The sample() function allows for some basic random value generation. Two arguments are required. The first is a vector containing the values that could be generated. This is your sample space, the possible values that could be generated by the random process. The second is the number of random values to generate. The call sample(x, size) will generate a random vector consisting of values from x of length size.

# Here I simulate the classic ball-in-bag probability model where random
# balls are pulled from a bag, without replacement. There are 32 red balls
# and 16 blue balls. I pull five balls from the bag.
sample(rep(c("red", "blue"), times = c(32, 16)), 5)

## [1] "blue" "red"  "red"  "red"  "red"

By default, sample() will use a model where random values are generated without replacement. This means that once a value is observed, it cannot be observed again (in the ball-and-bag model, this equates to pulling a ball from the bag and not putting the ball back in; once drawn, it cannot be drawn again). This naturally means that you must have size < length(x), or an error will be thrown; you can’t draw random values when you run out! To switch to a model with replacement (i.e. balls are put back in the bag after being drawn), set the parameter replace = TRUE.
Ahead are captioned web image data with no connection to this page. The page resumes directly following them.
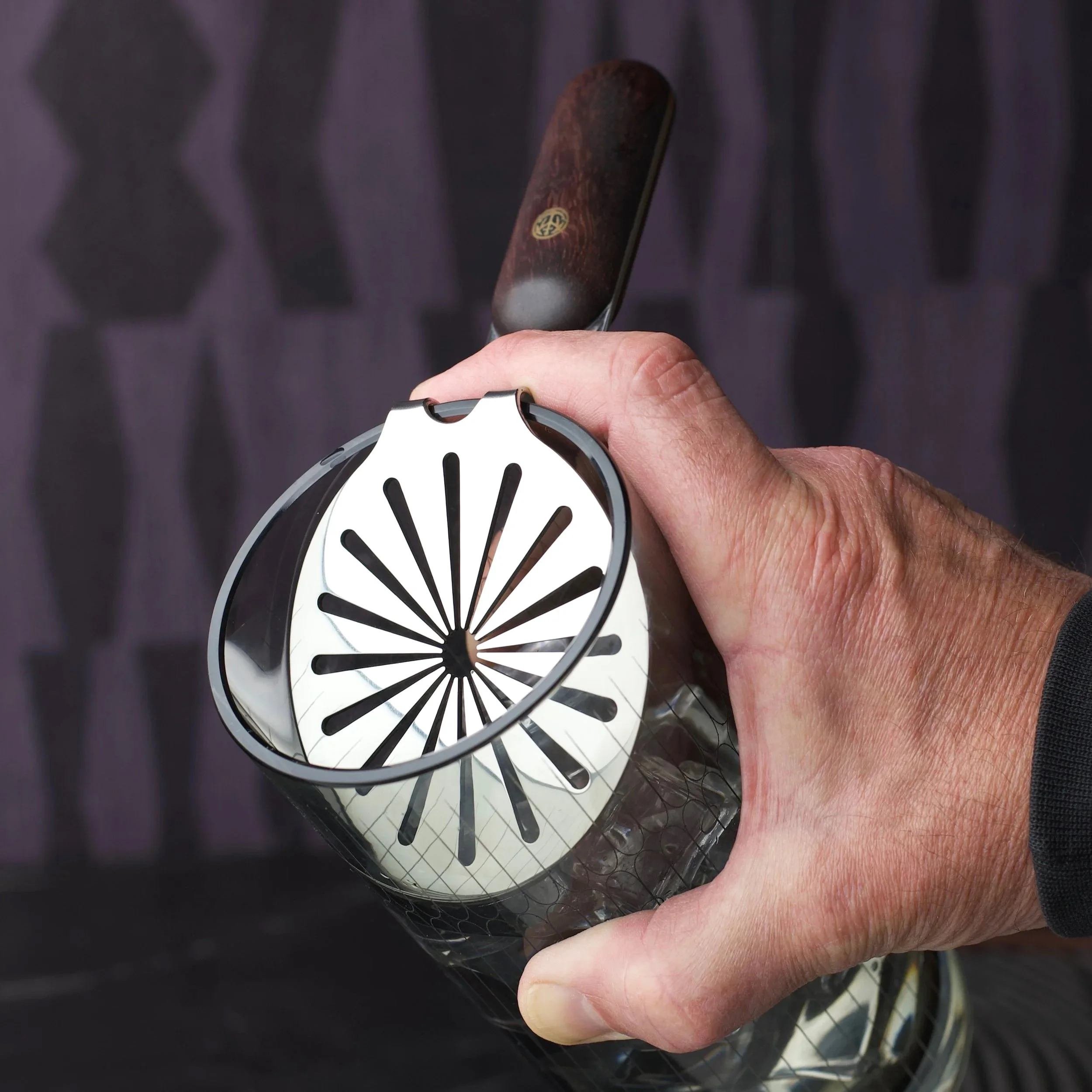 premium julep strainer with wood handle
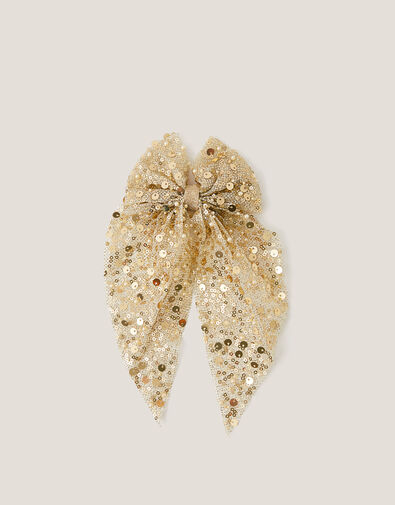 Long Sequin Bow Hair Clip, Gold (GOLD), large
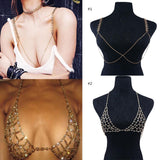 Maxbell Maxbell Sexy Punk Shiny Metal Bra Chest Body Chain Harness Necklace Nighclub Jewelry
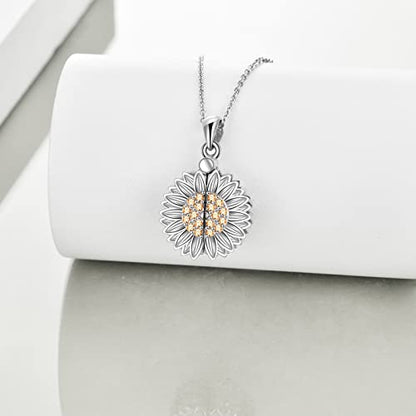 Heart/Cross/Infinity Moonstone Urn Necklace for ashes for Women Sterling Silver Dainty Cremation Jewelry Trendy Ashes Keepsake Memorial Gift for Mother/Grandma/Sister/Husband - style: Sunflower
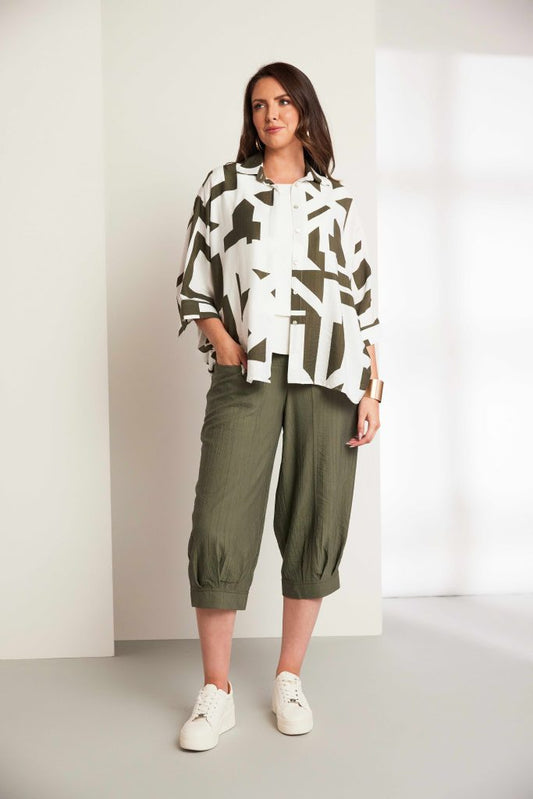 Ora Graphic Print Shirt With Cuff Detail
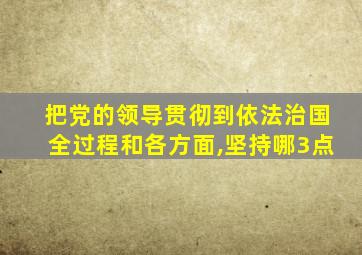 把党的领导贯彻到依法治国全过程和各方面,坚持哪3点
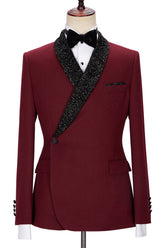 Jonathan Chic Burgundy Sparkle Shawl-Lapel Two-Piece Men's Suits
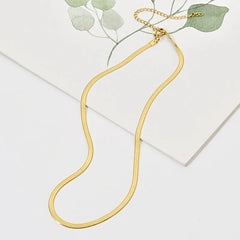 Fashion Stainless Steel Gold Plated Chain Necklace for Women Golden Choker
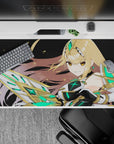 40x20 inches anime desk pad in black space tones with neon emerald glow and gold highlights, bold sci-fi vibe.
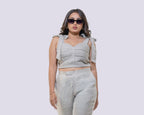 Frill pants with tie knot top linen co ord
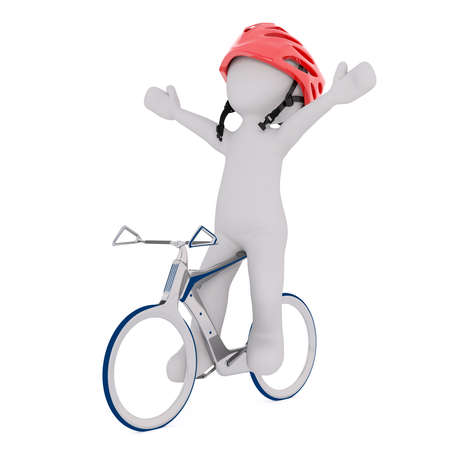 Generic Gray 3d Cartoon Figure Wearing Red Safety Bike Helmet and Celebrating with Open Arms at Finish Line of Bicycle Race in front of White Backgroundの写真素材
# A model without replacement
ball_pull1 <- sample(rep(c("red", "blue"), times = c(32, 16)), 32 + 16)
ball_pull1

##  [1] "red"  "red"  "red"  "red"  "blue" "blue" "blue" "blue" "red"  "red" 
## [11] "blue" "red"  "red"  "red"  "red"  "red"  "blue" "blue" "red"  "red" 
## [21] "red"  "red"  "red"  "blue" "red"  "red"  "red"  "blue" "red"  "red" 
## [31] "blue" "red"  "blue" "blue" "red"  "red"  "red"  "blue" "red"  "red" 
## [41] "blue" "red"  "red"  "red"  "red"  "blue" "red"  "blue"

# Since I pulled all balls out of the bag, I get exactly 32 reds and 16
# blues
table(ball_pull1)

## ball_pull1
## blue  red 
##   16   32

# Now with replacement
ball_pull2 <- sample(rep(c("red", "blue"), times = c(32, 16)), 32 + 16, replace = TRUE)
ball_pull2

##  [1] "red"  "red"  "red"  "blue" "red"  "red"  "red"  "red"  "blue" "red" 
## [11] "red"  "red"  "red"  "red"  "red"  "blue" "red"  "red"  "red"  "red" 
## [21] "red"  "red"  "red"  "red"  "red"  "blue" "red"  "red"  "blue" "red" 
## [31] "red"  "red"  "red"  "red"  "red"  "red"  "blue" "red"  "red"  "blue"
## [41] "red"  "red"  "blue" "red"  "blue" "red"  "red"  "blue"

# While close to the true frequencies, I don't see red balls exactly 32
# times, or blue balls exactly 16 times.
table(ball_pull2)

## ball_pull2
## blue  red 
##   10   38

By default, sample() will assume that each element in x is equally likely. This can be changed by setting prob to a vector assigning probabilities to each outcome.

# We can change the sampling with replacement model by making the sample
# space only c('red', 'blue'), and setting the probability of seeing these
# respective values to those consistent with our model.
sample(c("red", "blue"), 5, replace = TRUE, prob = c(32/48, 16/48))

## [1] "red"  "red"  "red"  "red"  "blue"

Families of Distributions

R facilitates both description and simulation of random variables from various families of probability distributions, using similar formats. Each family will have four R functions associated with it, preceded by a character and followed by the identifier of the family.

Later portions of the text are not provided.